Throughout its run, The Good Place has been praised as one of the sharpest comedies on television. Coming from the same writing team that creating Parks and Rec and Brooklyn 99, there is no doubt that although the show may be gone, it will never be forgotten.
Originally canceled by Fox after three seasons, Lucifer was given a second life by Netflix. The show, about a bored Lucifer who leaves the underworld to run a night club in L.A. and moonlight for the FBI, was a hit for the streaming giants.
Despite a strong performance, Netflix decided after season four that Lucifer wouldn’t have a long second life. It was quickly announced that the upcoming fifth season would officially be the last.
The HBO satire about what life is like for a start-up company in Silicon Valley is finally ending in 2019 after six seasons. During its run, the show’s ratings have gone up and down and at least one actor was fired for controversial behavior.
Through it all, HBO stuck by the show. The narrative, however, had nowhere left to go, allowing the premium cable network to let it power down.

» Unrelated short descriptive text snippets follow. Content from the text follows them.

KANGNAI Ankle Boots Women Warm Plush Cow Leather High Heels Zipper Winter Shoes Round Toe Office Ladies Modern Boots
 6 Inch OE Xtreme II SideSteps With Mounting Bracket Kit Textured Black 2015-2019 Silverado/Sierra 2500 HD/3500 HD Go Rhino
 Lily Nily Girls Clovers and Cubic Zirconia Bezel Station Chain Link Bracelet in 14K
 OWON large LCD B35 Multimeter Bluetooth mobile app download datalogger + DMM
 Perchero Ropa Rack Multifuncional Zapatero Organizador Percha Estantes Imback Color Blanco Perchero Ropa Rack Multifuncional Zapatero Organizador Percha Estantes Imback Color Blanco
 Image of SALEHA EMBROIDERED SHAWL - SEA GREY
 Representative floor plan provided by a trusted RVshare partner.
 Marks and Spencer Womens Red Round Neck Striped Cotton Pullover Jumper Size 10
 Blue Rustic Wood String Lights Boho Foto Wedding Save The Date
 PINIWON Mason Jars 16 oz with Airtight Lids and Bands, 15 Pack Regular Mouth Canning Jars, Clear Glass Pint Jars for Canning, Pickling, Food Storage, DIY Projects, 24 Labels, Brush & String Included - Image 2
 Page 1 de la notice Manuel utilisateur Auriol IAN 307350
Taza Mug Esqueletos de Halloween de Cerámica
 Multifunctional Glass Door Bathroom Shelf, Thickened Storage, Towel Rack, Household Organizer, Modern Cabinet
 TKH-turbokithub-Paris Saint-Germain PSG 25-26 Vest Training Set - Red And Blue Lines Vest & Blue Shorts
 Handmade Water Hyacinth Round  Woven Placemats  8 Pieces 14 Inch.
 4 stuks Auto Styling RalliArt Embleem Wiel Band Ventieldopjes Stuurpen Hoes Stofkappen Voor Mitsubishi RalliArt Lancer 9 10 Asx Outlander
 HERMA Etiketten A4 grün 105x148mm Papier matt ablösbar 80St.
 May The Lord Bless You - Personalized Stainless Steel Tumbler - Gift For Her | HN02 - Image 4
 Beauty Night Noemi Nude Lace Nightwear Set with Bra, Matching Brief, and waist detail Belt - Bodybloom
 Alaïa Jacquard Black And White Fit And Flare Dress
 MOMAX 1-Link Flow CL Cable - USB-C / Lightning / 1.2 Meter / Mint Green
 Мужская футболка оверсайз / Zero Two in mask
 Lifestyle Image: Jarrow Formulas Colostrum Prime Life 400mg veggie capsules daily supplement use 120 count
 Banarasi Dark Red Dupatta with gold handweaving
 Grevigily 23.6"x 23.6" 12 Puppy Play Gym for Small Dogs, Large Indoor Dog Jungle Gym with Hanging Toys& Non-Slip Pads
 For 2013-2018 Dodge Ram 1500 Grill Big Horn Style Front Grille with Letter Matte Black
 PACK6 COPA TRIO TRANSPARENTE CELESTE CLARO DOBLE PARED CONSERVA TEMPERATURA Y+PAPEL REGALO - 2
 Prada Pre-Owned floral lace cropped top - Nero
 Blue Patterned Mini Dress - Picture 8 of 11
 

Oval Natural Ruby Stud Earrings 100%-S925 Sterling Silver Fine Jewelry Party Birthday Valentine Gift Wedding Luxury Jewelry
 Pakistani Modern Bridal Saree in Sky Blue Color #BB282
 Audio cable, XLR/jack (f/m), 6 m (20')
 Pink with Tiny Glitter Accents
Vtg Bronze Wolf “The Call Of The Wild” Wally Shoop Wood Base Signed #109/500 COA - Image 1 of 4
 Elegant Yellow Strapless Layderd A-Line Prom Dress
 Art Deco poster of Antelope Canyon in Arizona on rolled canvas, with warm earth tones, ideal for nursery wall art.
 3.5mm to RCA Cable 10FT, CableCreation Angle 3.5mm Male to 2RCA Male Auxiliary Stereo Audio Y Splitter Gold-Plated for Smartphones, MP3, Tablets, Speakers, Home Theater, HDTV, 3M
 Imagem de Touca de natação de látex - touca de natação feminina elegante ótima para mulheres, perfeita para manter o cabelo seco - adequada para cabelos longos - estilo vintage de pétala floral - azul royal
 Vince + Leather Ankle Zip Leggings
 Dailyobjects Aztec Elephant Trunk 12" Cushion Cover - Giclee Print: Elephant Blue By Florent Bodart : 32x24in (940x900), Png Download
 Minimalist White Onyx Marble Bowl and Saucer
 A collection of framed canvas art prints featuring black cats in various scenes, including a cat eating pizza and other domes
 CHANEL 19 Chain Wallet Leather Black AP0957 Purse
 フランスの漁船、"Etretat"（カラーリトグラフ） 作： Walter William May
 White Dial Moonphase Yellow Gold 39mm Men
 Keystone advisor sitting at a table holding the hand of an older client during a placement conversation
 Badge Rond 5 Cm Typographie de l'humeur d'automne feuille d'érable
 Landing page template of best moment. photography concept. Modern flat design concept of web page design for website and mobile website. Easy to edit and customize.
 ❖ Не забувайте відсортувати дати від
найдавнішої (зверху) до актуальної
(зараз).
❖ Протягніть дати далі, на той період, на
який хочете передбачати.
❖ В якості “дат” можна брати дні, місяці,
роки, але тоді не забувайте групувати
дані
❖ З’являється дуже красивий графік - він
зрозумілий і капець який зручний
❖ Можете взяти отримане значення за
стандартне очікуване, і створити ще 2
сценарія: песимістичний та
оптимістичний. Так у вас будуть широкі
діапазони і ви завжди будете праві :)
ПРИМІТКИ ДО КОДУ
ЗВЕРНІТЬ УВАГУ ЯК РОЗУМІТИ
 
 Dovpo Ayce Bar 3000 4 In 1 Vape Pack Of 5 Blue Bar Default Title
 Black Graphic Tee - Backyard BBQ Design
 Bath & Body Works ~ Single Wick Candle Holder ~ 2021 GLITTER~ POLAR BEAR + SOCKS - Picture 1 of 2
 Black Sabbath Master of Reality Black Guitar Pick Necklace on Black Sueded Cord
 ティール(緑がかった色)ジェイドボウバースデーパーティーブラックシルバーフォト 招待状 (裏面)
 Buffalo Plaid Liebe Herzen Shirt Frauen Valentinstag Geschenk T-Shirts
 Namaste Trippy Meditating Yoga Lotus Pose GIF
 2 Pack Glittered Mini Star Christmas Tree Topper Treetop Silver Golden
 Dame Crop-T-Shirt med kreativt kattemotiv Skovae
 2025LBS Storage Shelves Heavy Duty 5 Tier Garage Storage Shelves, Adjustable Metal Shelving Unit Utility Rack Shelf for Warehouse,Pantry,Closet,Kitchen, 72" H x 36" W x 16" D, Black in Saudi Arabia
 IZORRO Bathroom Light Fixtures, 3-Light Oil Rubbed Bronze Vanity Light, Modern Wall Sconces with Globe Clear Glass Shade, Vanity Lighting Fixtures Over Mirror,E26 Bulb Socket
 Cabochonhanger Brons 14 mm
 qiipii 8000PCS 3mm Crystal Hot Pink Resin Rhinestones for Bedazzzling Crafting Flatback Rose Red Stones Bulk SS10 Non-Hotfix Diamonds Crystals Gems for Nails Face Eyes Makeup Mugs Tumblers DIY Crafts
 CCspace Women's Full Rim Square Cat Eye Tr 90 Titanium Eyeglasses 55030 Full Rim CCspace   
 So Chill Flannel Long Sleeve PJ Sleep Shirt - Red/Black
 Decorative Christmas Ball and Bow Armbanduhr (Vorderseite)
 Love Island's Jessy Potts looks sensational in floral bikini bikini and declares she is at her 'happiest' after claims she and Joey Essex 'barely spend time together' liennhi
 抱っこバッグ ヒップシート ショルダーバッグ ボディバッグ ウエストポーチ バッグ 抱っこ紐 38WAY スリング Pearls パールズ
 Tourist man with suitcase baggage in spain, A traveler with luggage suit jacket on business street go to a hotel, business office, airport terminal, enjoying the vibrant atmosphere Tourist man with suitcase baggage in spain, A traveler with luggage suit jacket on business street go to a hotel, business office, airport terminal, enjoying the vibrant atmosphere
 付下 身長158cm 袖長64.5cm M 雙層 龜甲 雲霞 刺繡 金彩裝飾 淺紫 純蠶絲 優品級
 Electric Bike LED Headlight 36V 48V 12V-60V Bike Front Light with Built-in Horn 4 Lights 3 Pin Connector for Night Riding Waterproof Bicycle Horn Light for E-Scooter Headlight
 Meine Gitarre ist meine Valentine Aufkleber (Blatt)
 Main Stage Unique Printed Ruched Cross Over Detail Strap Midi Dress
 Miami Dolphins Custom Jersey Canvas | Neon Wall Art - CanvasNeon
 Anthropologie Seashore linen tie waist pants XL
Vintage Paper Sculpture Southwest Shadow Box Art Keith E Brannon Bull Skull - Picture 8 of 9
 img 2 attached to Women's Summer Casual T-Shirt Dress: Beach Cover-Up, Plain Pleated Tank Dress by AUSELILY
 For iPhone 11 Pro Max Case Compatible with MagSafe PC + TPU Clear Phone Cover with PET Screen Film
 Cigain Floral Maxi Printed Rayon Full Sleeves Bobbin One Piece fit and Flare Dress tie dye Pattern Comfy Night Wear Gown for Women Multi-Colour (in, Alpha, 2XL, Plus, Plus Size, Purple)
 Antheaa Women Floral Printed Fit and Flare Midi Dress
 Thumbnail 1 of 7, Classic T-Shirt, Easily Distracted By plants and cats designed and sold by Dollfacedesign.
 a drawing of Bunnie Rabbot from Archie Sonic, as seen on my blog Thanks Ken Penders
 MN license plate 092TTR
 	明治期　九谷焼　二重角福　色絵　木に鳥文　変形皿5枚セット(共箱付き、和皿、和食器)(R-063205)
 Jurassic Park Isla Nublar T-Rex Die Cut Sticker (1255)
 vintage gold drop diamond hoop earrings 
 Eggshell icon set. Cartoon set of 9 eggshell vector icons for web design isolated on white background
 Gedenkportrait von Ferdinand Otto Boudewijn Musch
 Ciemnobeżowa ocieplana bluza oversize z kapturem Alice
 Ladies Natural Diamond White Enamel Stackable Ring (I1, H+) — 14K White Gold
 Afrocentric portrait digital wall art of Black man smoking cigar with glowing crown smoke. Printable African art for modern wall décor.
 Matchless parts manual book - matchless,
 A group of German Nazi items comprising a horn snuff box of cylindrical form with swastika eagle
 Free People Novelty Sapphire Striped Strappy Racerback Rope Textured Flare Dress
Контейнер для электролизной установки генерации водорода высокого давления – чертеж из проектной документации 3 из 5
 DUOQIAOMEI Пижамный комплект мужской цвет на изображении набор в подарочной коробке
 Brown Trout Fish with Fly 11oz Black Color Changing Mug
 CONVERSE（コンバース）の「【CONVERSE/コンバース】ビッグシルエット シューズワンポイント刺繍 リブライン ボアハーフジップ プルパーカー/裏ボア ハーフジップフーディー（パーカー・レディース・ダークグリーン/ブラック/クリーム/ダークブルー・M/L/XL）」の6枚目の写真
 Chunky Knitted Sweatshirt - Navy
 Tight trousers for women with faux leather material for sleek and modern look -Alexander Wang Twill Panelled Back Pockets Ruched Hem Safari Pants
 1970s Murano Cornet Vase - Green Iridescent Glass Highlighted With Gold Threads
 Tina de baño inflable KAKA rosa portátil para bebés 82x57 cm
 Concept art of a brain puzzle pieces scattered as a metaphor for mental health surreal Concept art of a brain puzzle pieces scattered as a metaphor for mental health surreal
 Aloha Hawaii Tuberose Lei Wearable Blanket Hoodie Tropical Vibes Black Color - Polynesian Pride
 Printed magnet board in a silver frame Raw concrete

We’re sure the next great HBO comedy is just around the corner.
No one expected Suits to last nine seasons. When USA starting airing the show, they just hoped the slick take on the lawyer genre would be a hit. The fact that it became one of the network’s biggest hits was a very pleasant surprise.
All great stories must end though, and Suits is no different. Once the ninth season is over, the show will be too. Don’t worry if you’re a fan, however, because a spin-off called Pearson is just around the corner!
Will And Grace
Will and Grace did something very few series have been able to do. After ending its initial run years ago, it was brought back. Unlike Fuller House, the new Will and Grace was still the old Will and Grace. The characters were just as wild, just a little more seasoned.
The return of the series gave NBC a brief boost in the ratings. The network quickly renewed the show through an 11th official season, but there are no plans for a 12th. Maybe years down the road it will come back again. But for now, Will and Grace is canceled.